Kiviuk married the daughter. He went sealing every day, and was very successful. Preparing for the time when he would leave, he increased his supply of mittens by pretending each night that he had lost the mittens he had had that morning. In fact, he hid them in his jacket.
His mother-in-law was jealous of her daughter and wanted to marry Kiviuk herself. One day while he was hunting, she killed her daughter and put on her daughter's skin. She looked like a young woman, but when Kiviuk came in and saw the bones, he realized what she had done. He left.

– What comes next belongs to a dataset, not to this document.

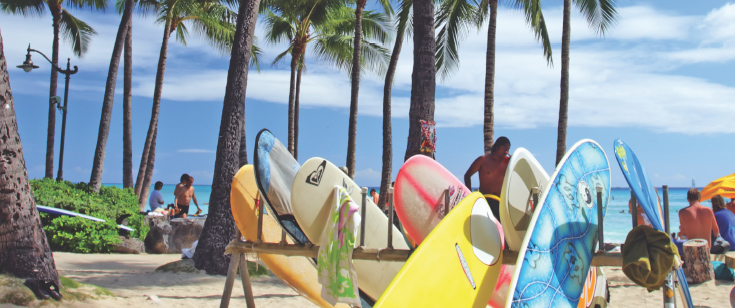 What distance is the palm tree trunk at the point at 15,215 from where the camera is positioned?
4762 mm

He travelled on for many days, following the shore. Again, cold and hungry, he came to a house with a light burning. Thinking it best this time to find out who was inside, he climbed up to the window and looked through the peephole. An old woman, Aissivang (spider), sat on the bed. When she saw Kiviuk at the window, she thought it was a cloud passing the sun and blocking the light she needed to work. She became angry and cut away her eyebrows and ate them. Ignoring the dripping blood, she kept on sewing. Kiviuk decided that she must be a very bad woman and did not go in.
After many days and nights of travel, Kiviuk came to his own country. Boats came to meet him. They had been whaling, and were towing a large whale. In the bow stood Kiviuk's son, who had killed the whale. A small boy when Kiviuk had left, he was now grown-up and a great hunter. Kiviuk's wife had taken a new husband, but she returned to him.